538 spy castle warfare solution

See the following for riddle explanation & context: https://fivethirtyeight.com/features/how-much-is-a-spy-worth-in-a-warring-riddler-nation/

1. There will be at most one tie. (Grumble grumble tie rule adding extra complexity.) If there are two or more ties, move 1 soldier from the least important castle to the most important castle, yielding a strictly better score and 2 fewer ties. Additionally, if there is a tie, it will be for the least important castle - move 1 soldier from the weaker winning castle to the higher tying castle to get a strictly better score.

2. There's no point in "over" winning given these rules. So there's no need to examine winning combinations that defeat an "extra" castle for honor. Winning castle combinations can thus be reduced to "minimal" ones where the loss of ANY castle causes loss of the game. 28 points is the goal (out of 55). Some winning positions score more than 28, but never when taking / tying low-score castles.

3. Given 1 & 2, I wrote a Python script to produce all the possible "minimal" winning sets, of which there were 77. (calculateWinOptions())

4. Given the number of possible winning sets, this can be applied to a defender formation to score it. Go through all the possible castle conquests from #3, calculate the soldiers required to beat the defender formation using that strategy, then take the minimum value, which is the most efficient strategy that uses the fewest # of soldiers. (scoreDefense())

5. From a defender's perspective, I highly doubt it ever makes sense to not use a monotonically increasing number of soldiers. Why would you ever want to guard castle 10 less than castle 9? Barring some discrete math weirdness, it seems strictly optimal to guard higher-value castles more.

6. In the "continuous" case, where the defender had billions of soldiers and there were 55 castles of value 1, it's pretty clear to see that there's no point in getting fancy: each castle should be guarded the same amount, and failing to do this is just free points for your opponent. For example, abandoning 40% of your castles and spreading the rest of your forces among the remaining 60% allows an attacker to use defeat just 1/6 (17%) of your forces to win. Spreading equally means the attacker needs 50.1% of your strength.
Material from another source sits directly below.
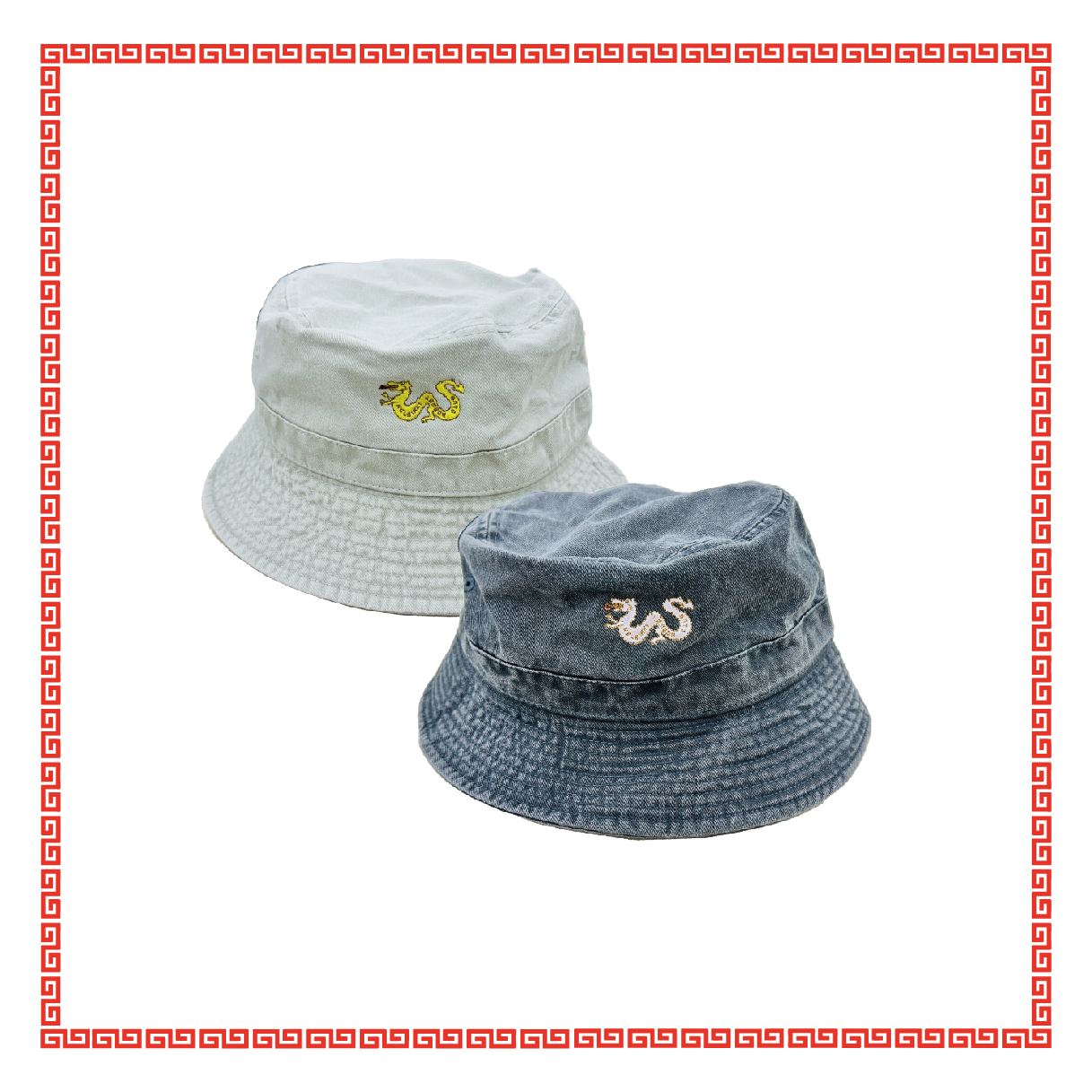 どらごん Bucket Hat (Black / Sand)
7. As such, the "baseline" defense for the discrete case should also be similar (if not identical). Scoring each "point" as worthy of 1.8 soldiers of protection (100/55), you end up with [0, 2, 4, 6, 7, 9, 11, 13, 14, 16, 18] (this includes an irrelevant 0-strength castle to make list index logic nicer).

8. Defeating the baseline defense gives a naive, kneejerk result of 54 soldiers required, so the spy is worth 46 soldiers. Here are the 5 winning attacks on the baseline: [[0, 0, 0, 0, 0, 1, 1, 0, 1, 1, 0], [0, 0, 0, 0, 1, 0, 0, 1, 1, 1, 0], [0, 0, 0, 0, 1, 0, 1, 0, 1, 0, 1], [0, 0, 0, 0, 1, 1, 0, 0, 0, 1, 1], [0, 1, 0, 0, 0, 0, 0, 0, 1, 1, 1]]

9. I added a function to try variants of the above defense that would modify the scores by -2 to +2 for each castle, so long as it still allocated 100 soldiers total and didn't violate the "non-decreasing number of soldiers by castle" rule #5. Going further away than 2 from the baseline seemed unlikely to be a good play. There ended up 395,300 different defender strategies generated by createAlternates(). I then threw these modified defenses against our scorer. Result: [0, 1, 3, 5, 7, 9, 11, 13, 15, 17, 19] ended up being the best defense, requiring 56 soldiers to break it. It's very even, as there are 40 different attacks that all require 56 soldiers against it. (Amusingly enough, none of them involve ties, so the tie rule may have been a big distraction after all.) The fact that it's a simple progression of odd numbers makes me wonder if I missed some faster, non-computational way to solve the problem. Notably, the "price" ends up being 2 soldiers per "point", with it requiring 20 soldiers to take castle 10, 18 soldiers to take castle 9, etc. I'm not sure if there's a sneaky way to 'prove' that this is the best defense, although experimentally it clearly is.